Pleasant T Rowland Foundation

Annual Giving
$3.4M
Grant Range
$1K - $1.0M

Quick Stats

  • Annual Giving: $3.4 million (2024)
  • Success Rate: Not publicly available
  • Decision Time: Not publicly specified
  • Grant Range: Varies widely - from scholarships to $1 million+ major gifts
  • Geographic Focus: Primarily Dane County, Wisconsin, with select national grants

Contact Details

Address: 6120 University Avenue, Middleton, WI 53562

Phone: (608) 729-2811

Website: Not available

Pre-Application Contact: Phone inquiry required before formal application submission

Overview

The Pleasant T. Rowland Foundation was established in 1997 by Pleasant Rowland, the creator of American Girl dolls, and her husband Jerome Frautschi. With assets totaling over $80 million and annual giving of approximately $3.4 million (2024), the foundation supports cultural arts, education, and historic preservation initiatives primarily in Dane County, Wisconsin. Pleasant Rowland founded the foundation following her retirement from American Girl in 2000, inspired by her husband's family tradition of community giving. The foundation has made transformative gifts to Madison-area organizations, with recent major grants including a $1 million gift to the UW Odyssey Project and a $1 million grant to Centro Hispano of Dane County. Beyond the foundation, Rowland established the Rowland Reading Foundation in 2003 and recently gave a $9 million gift to the Reading League to support evidence-based reading instruction nationally.
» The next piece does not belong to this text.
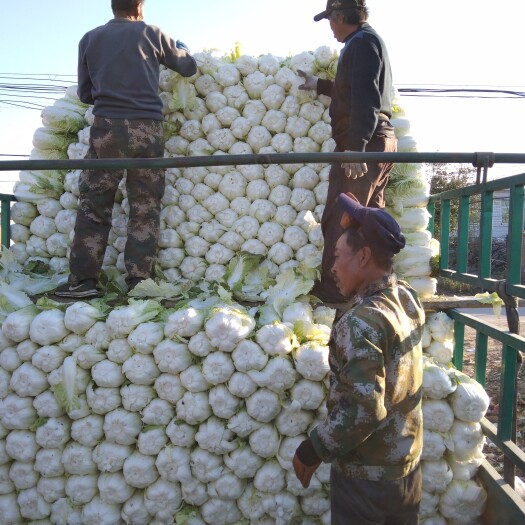 凌海市凌海大量白菜6月底上市了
The foundation awarded 80 grants in 2024, with an average grant size of $42,848.

Funding Priorities

Grant Programs

The foundation supports three primary areas through discretionary grantmaking:

  • Cultural Arts Support: Grants ranging from tens of thousands to $1 million+ for arts organizations, including support for Madison Symphony Orchestra, Olbrich Botanical Gardens, Madison Public Market, and Parks for All Trust ($100,000 in 2024)
  • Education Initiatives: Major education grants including the UW Odyssey Project ($1 million matching grant in 2024), scholarships for Dane County students, and educational programming
  • Historic Preservation: Support for preservation projects and historical activities
  • Application Method: Phone inquiry required, then formal application upon approval; awards made on rolling basis subject to funding availability

Priority Areas

  • Cultural arts organizations and programming in Dane County
  • Evidence-based education programs, particularly literacy and reading initiatives
  • Historic preservation projects
  • Scholarships for students in Dane County
  • Community development projects supporting underserved populations (e.g., Centro Hispano facility construction)
  • Arts access and inclusivity initiatives

What They Don't Fund

The foundation does not explicitly publish exclusions, but grants are strongly focused on Dane County, Wisconsin geography. The majority of awards are limited to Dane County, though select major gifts have been made to national organizations aligned with Rowland's personal priorities (such as the Reading League in Syracuse, NY, and Fountain Valley High School in Colorado Springs, CO).

Governance and Leadership

Pleasant T. Rowland - President and Founder. An educator, writer, and entrepreneur who created American Girl dolls and sold the company to Mattel in 1998. Rowland has said, "Reading is at the heart of all achievement. Without it, the American dream is out of reach." On the arts, she has stated: "The arts are for everybody," emphasizing their role in bridging community divides.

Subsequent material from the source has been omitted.